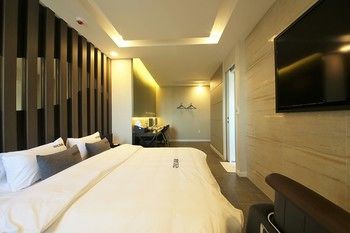 Premium AVA Hotel Sasang 2*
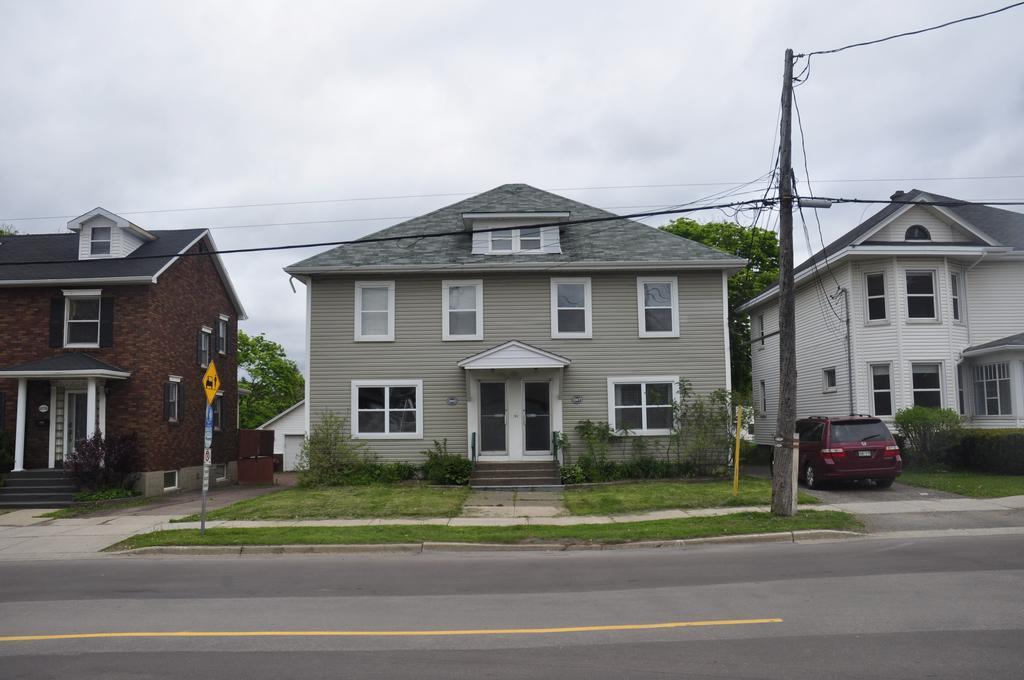 Moncton Suites - Apartments Across Georges Dumont מראה חיצוני תמונה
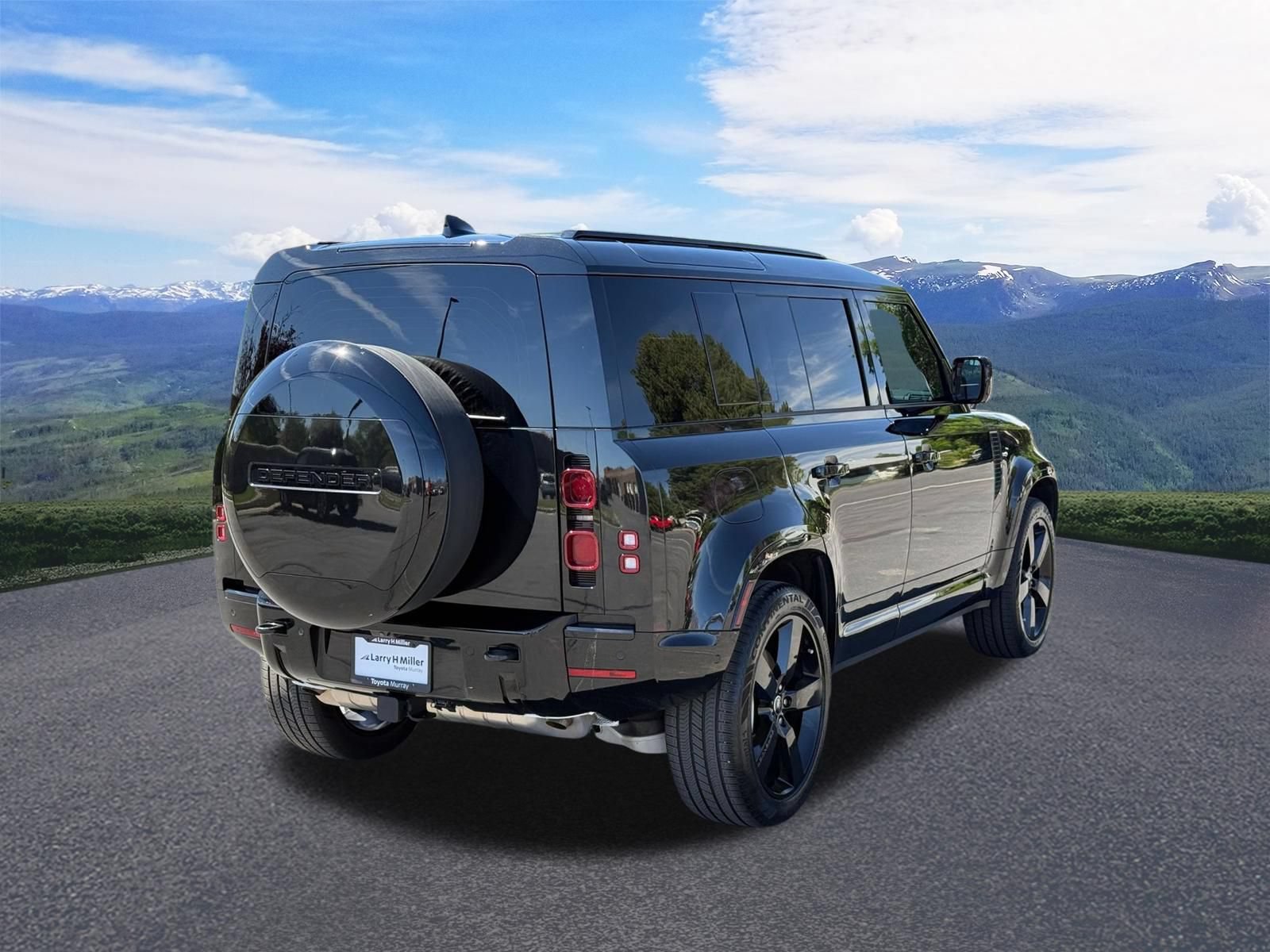 Used 2025 Land Rover Defender 110 X-Dynamic SE AWD/4WD image 5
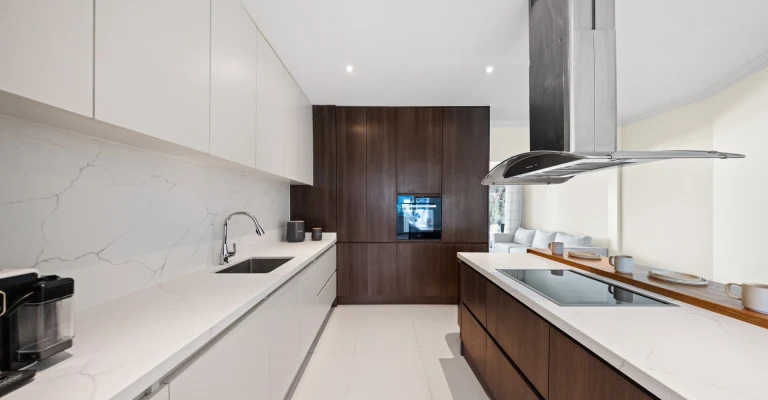 Modern 3 Bedroom Home in Opal, photo 11
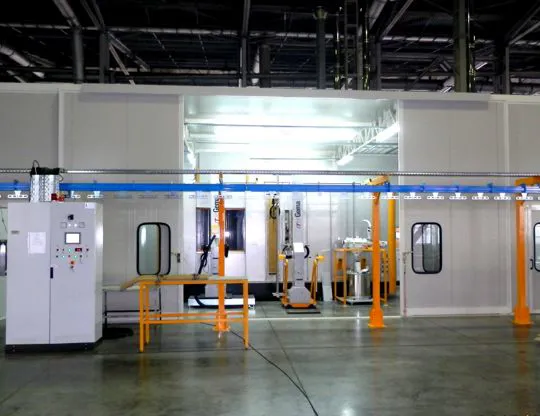 Cabina polveri con pannellatura sandwich in PVC con due postazioni automatiche e due postazioni manuali esterne installata all' interno di apposita camera pressurizzata fuori polvere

———

● **Work to complete**: Without including any pictures, reproduce the listing exactly.

● **Expected output**:
 Premium AVA Hotel Sasang 2*
 Moncton Suites - Apartments Across Georges Dumont מראה חיצוני תמונה
 Used 2025 Land Rover Defender 110 X-Dynamic SE AWD/4WD image 5
 Modern 3 Bedroom Home in Opal, photo 11
 Cabina polveri con pannellatura sandwich in PVC con due postazioni automatiche e due postazioni manuali esterne installata all' interno di apposita camera pressurizzata fuori polvere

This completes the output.